»»

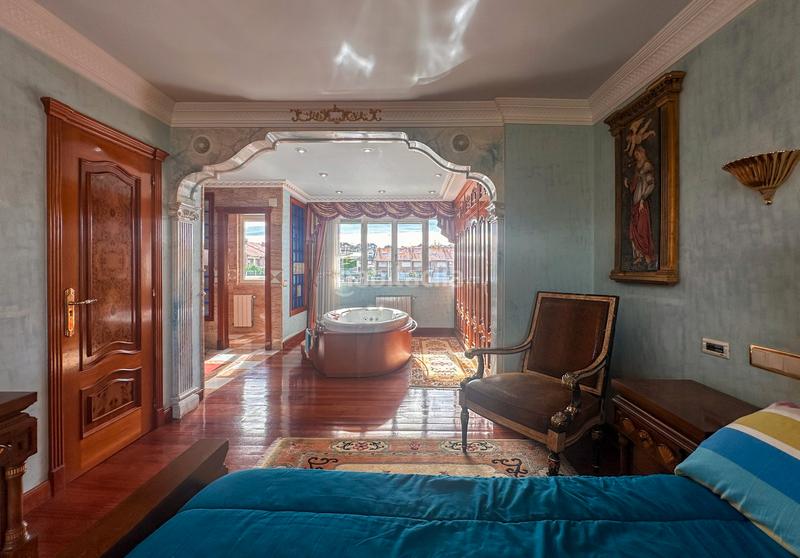 Foto 7b96ebd9-3aed-46f3-a2cd-358aaf2a4d86. Xalet amb xemeneia calefacció aparcament piscina a Santa Cruz de Bezana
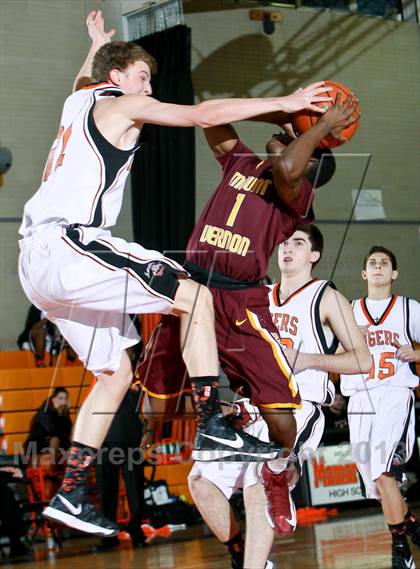 Thumbnail 1 in Mt. Vernon @ Mamaroneck photogallery.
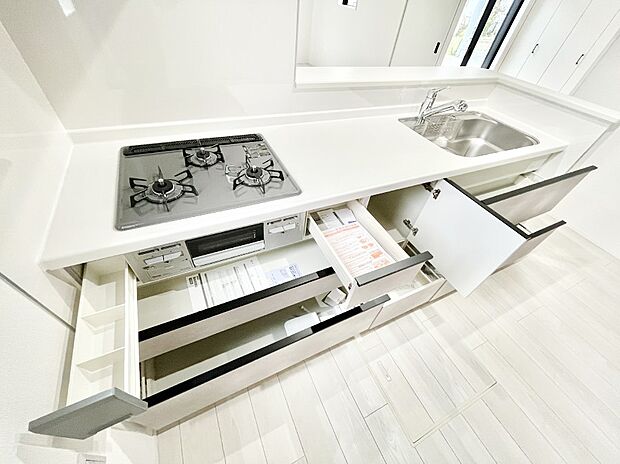 使いやすさを優先したスライド式収納タイプ!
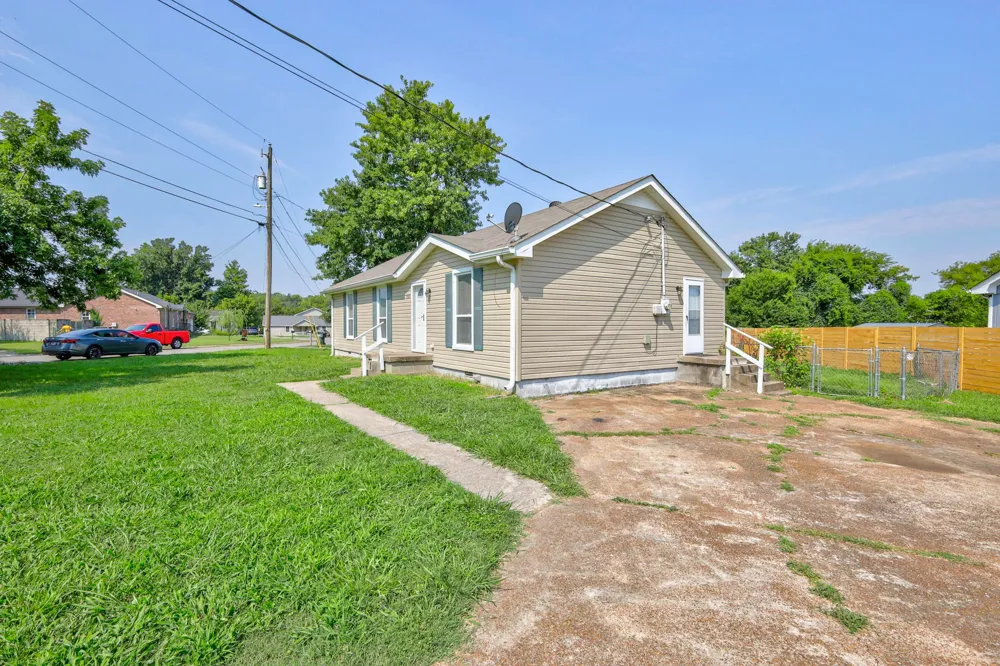 3521 Albee Dr Hermitage, TN 37076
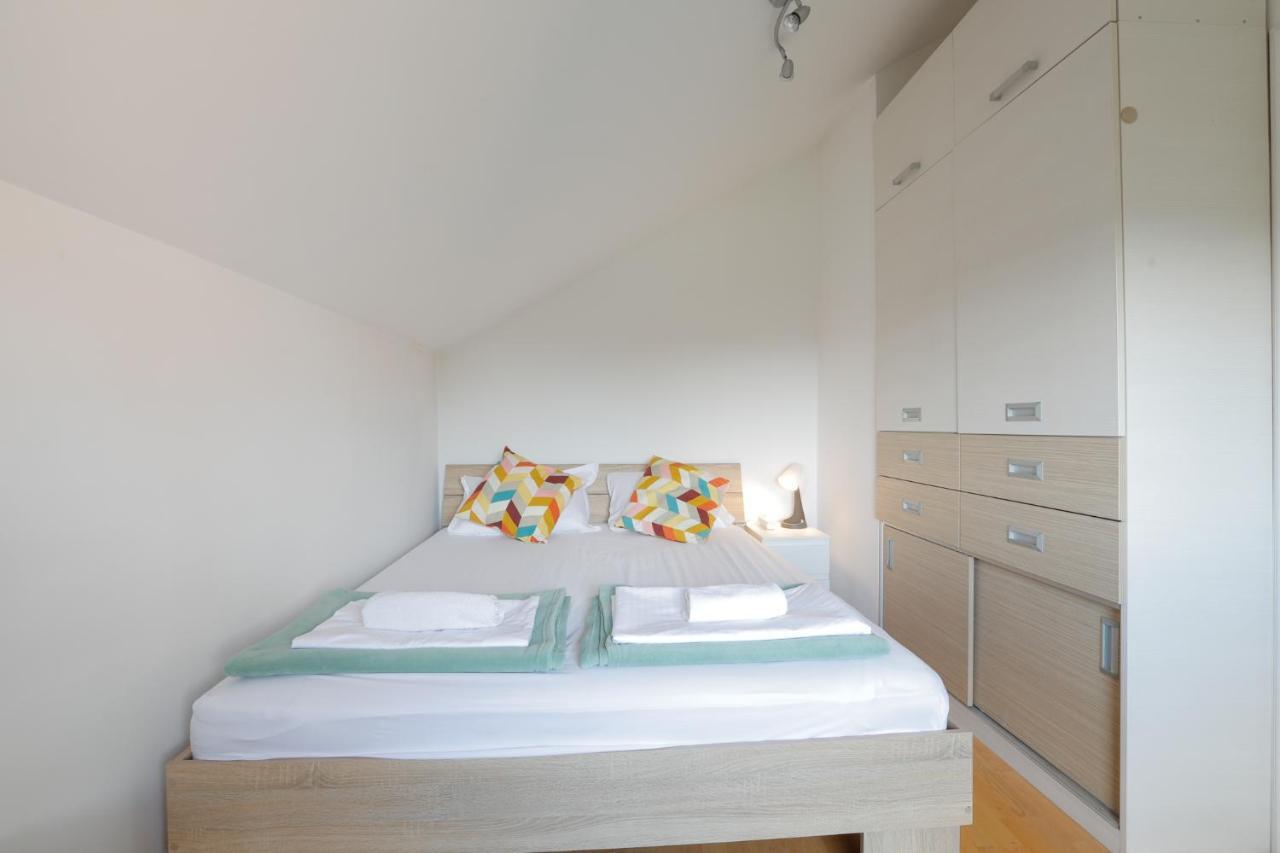 Aviator Apartments & Rooms Nikola Tesla Airport Belgrade Surčin Extérieur photo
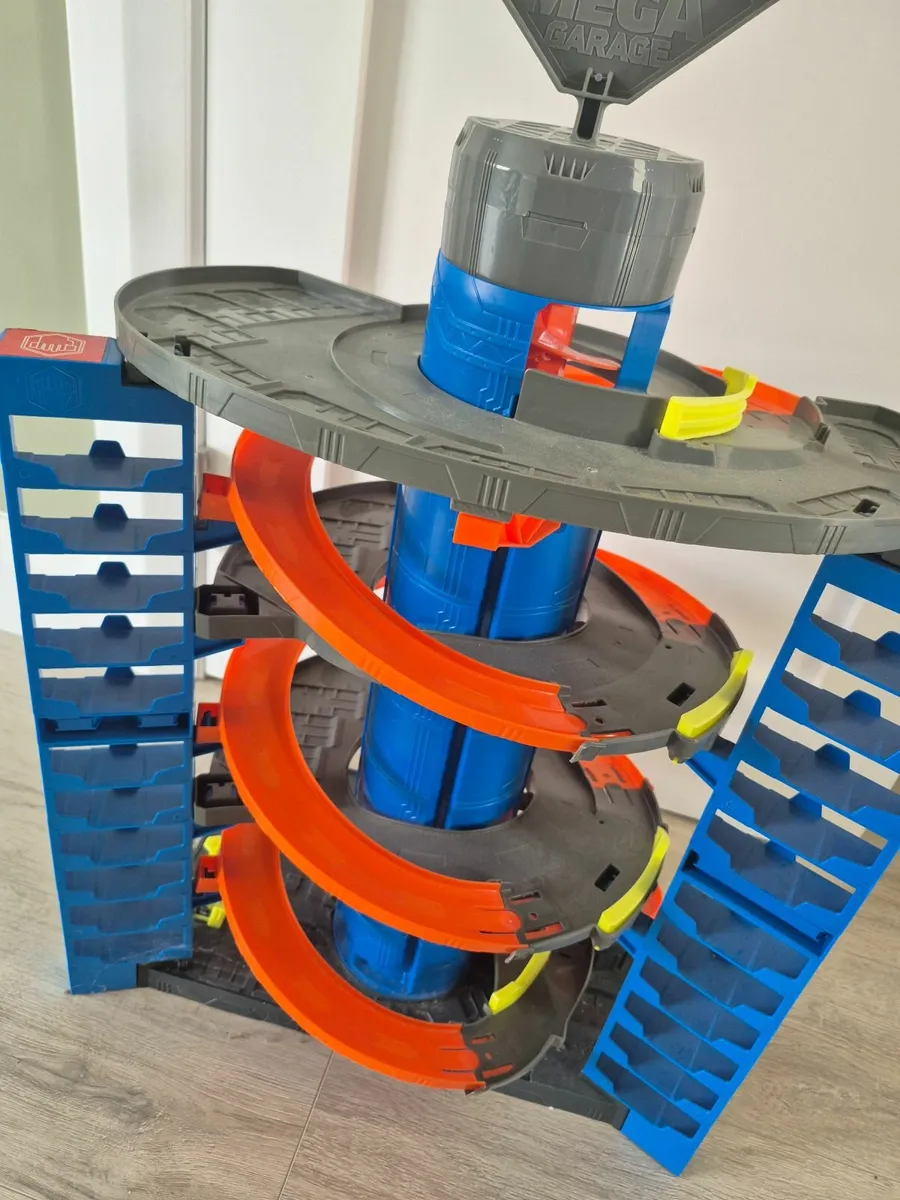 Hot wheels garage - Image 2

««

*WHAT YOU WILL DO*:
Locate the line containing "Thumbnail 1 in" in the material above, then repeat it and every later line exactly, with no pictures.

*TASK RESULT*:
 Thumbnail 1 in Mt. Vernon @ Mamaroneck photogallery.
 使いやすさを優先したスライド式収納タイプ!
 3521 Albee Dr Hermitage, TN 37076
 Aviator Apartments & Rooms Nikola Tesla Airport Belgrade Surčin Extérieur photo
 Hot wheels garage - Image 2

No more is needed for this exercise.